Exercise objective =>
For this task, output exactly the lines of the material below starting at the line with "Michael Jordan’s road" and ending at the line with "Opslagtent 5x10 PVC – Classic"; pictures are to be excluded.

____________

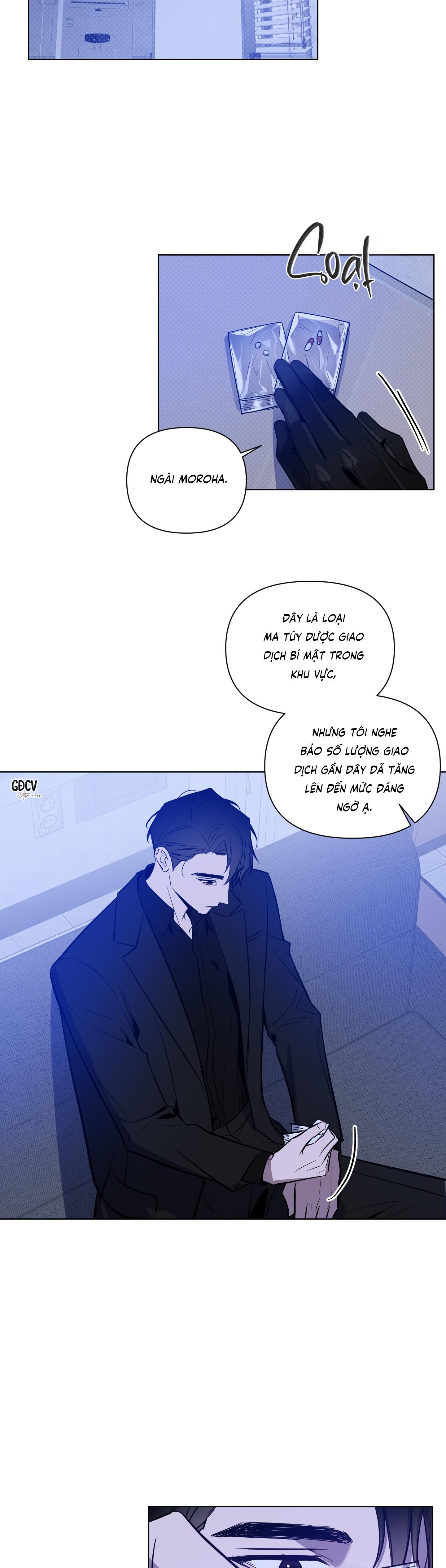 Đọc truyện BÌNH MINH CHIA CẮT BÓNG ĐÊM - Chapter 27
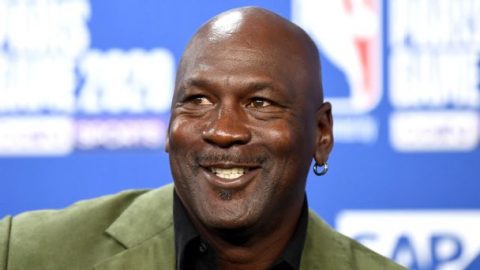 Michael Jordan’s road to being a NASCAR owner, 14 years in the making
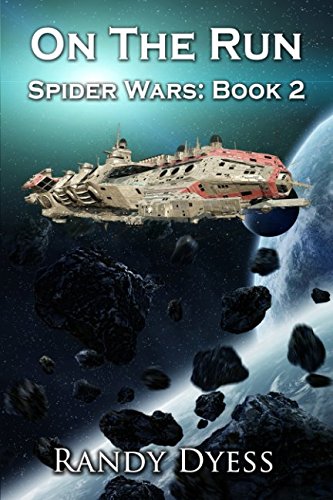 Download On The Run: Spider Wars: Book 2
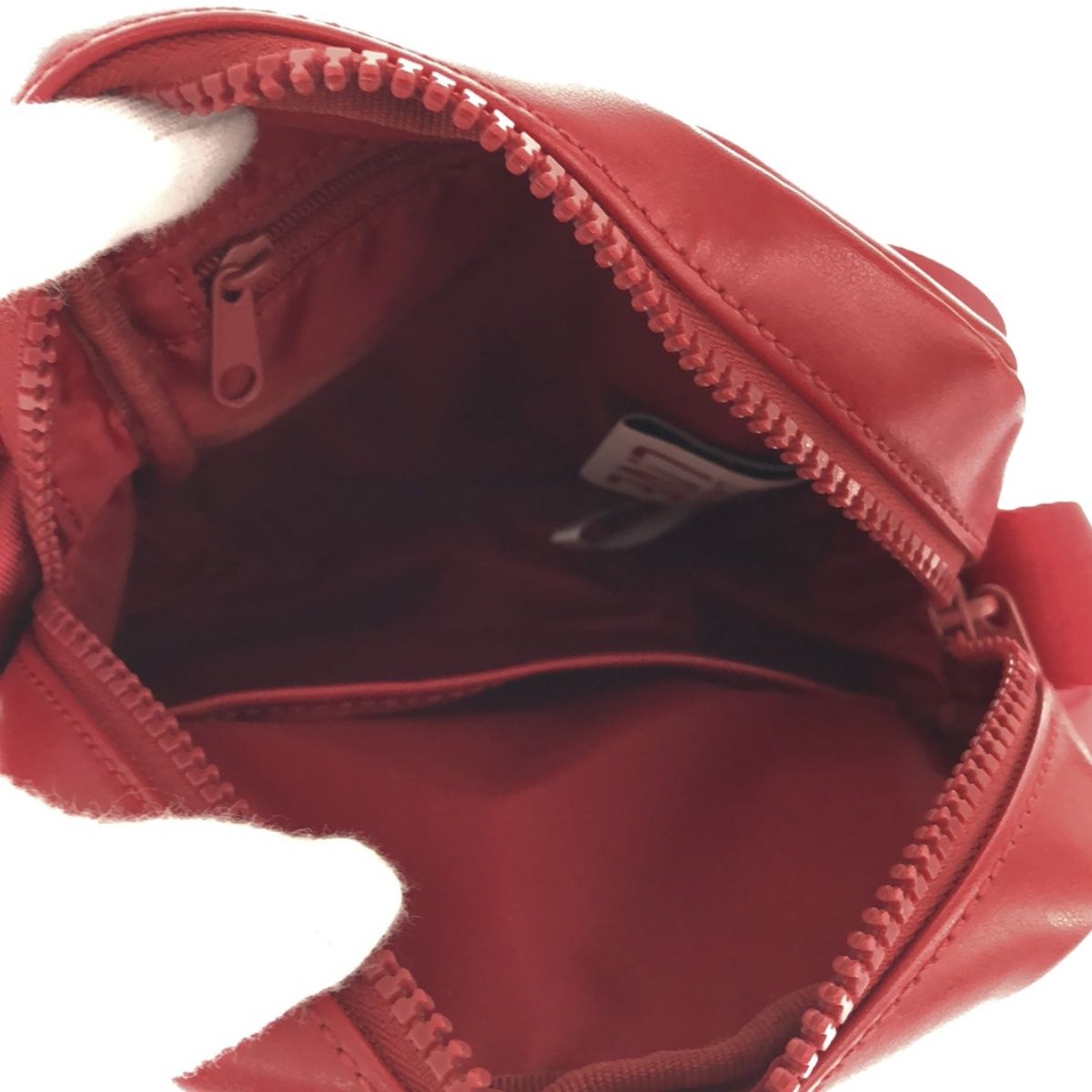 Supreme シュプリーム ×LACOSTE ラコステ 18SSコラボバッグ 18SS Supreme LACOSTE Shoulder Bag ショルダーバッグ (Supreme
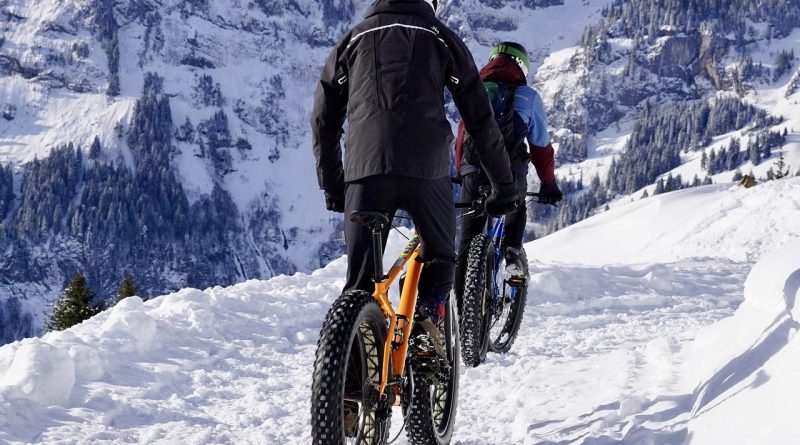 fatbike et calories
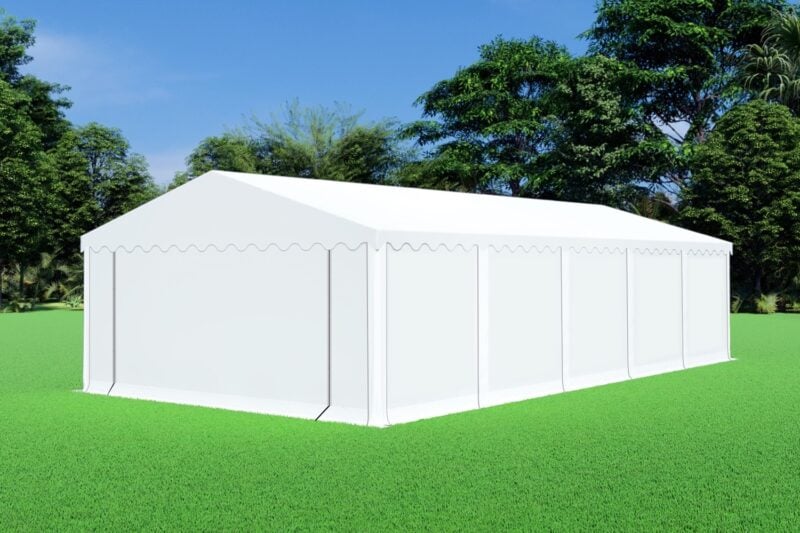Opslagtent 5x10 PVC – Classic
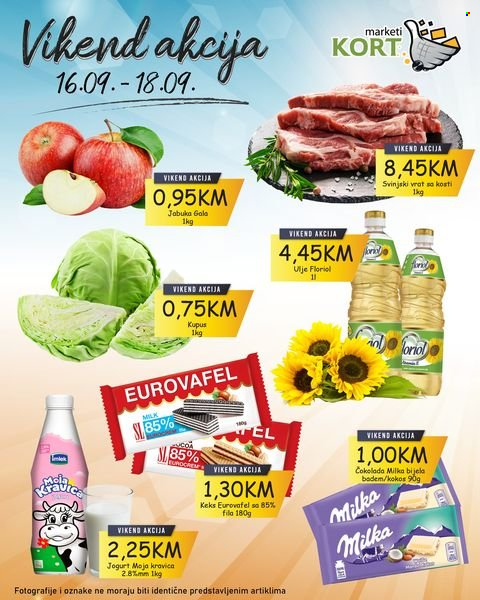 Kort marketi katalog - 16.09.2022. - 18.09.2022.. Stranica 1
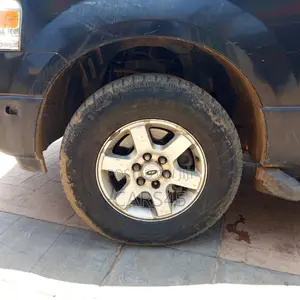 Ford Expedition 2011 Black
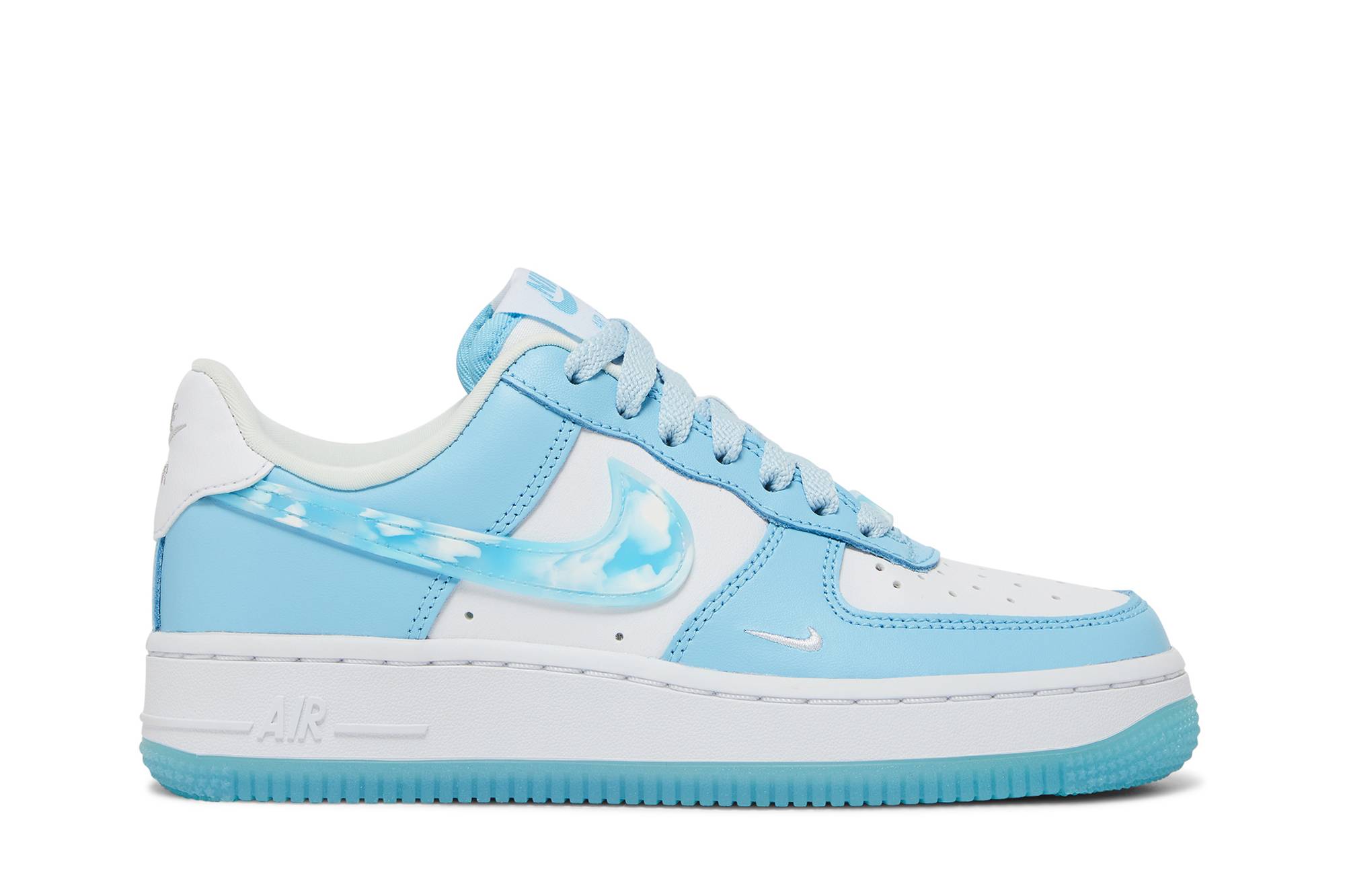 ( Women ) Nike Air Force 1 Low Nail Art DX2937-100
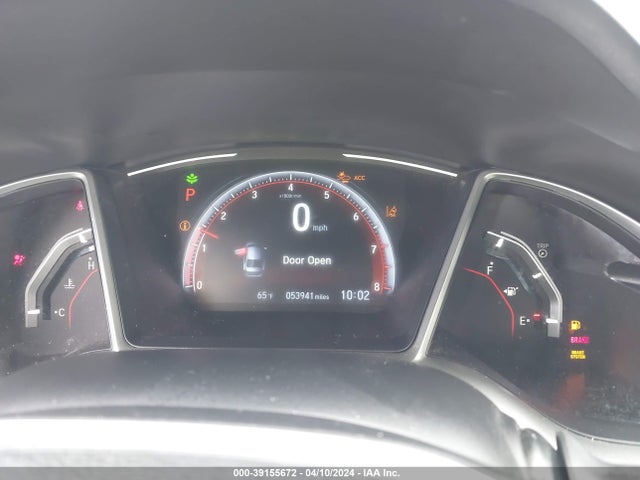 Honda Civic Sport 2020 2HGFC2F8XLH529001 Image 7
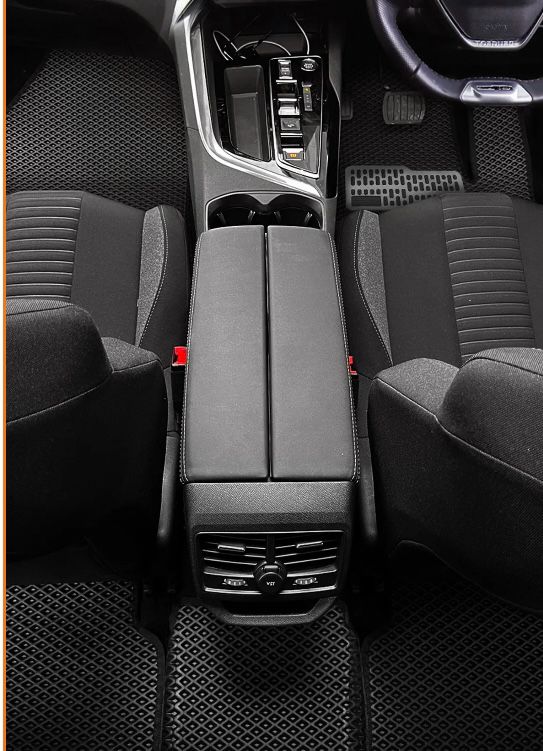 Premium EVA Car Mats | Waterproof, Durable & Custom-Fit FOR NİSSAN JUKE
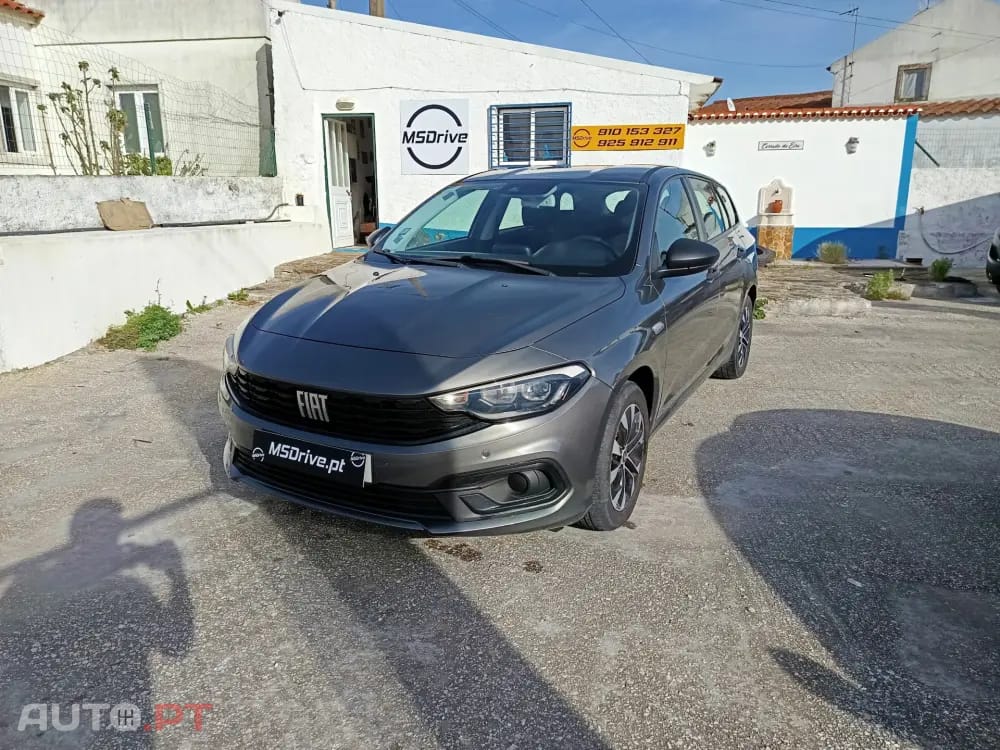 Fiat Tipo 1.0 GSE T3 City Life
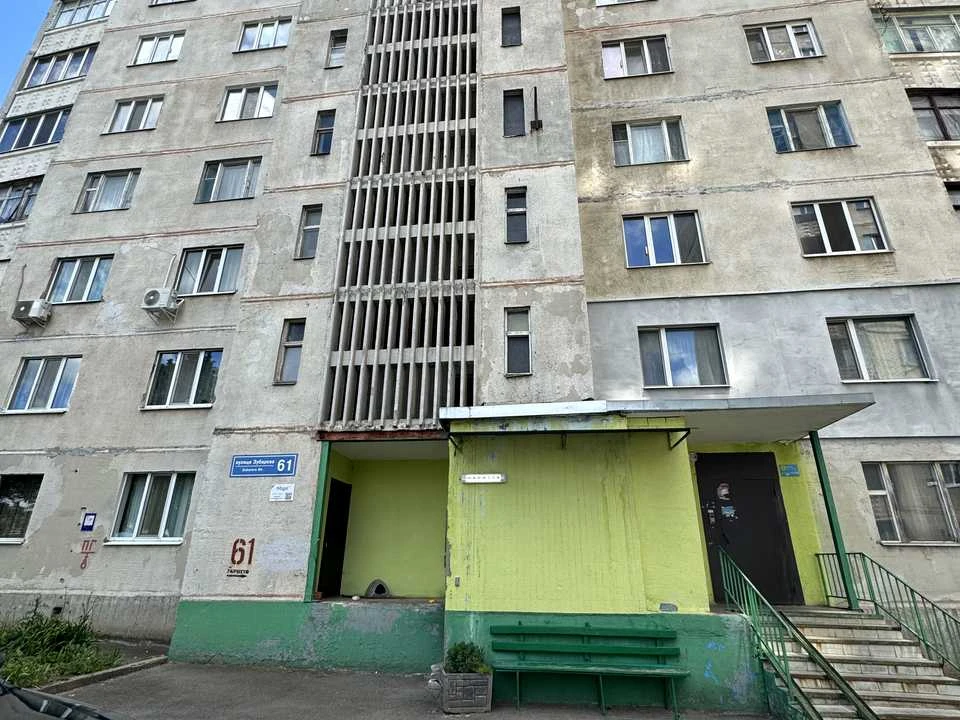 Apartment. Kharkiv, Zubareva St.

____________

Written response =>
 Michael Jordan’s road to being a NASCAR owner, 14 years in the making
 Download On The Run: Spider Wars: Book 2
 Supreme シュプリーム ×LACOSTE ラコステ 18SSコラボバッグ 18SS Supreme LACOSTE Shoulder Bag ショルダーバッグ (Supreme
 fatbike et calories
Opslagtent 5x10 PVC – Classic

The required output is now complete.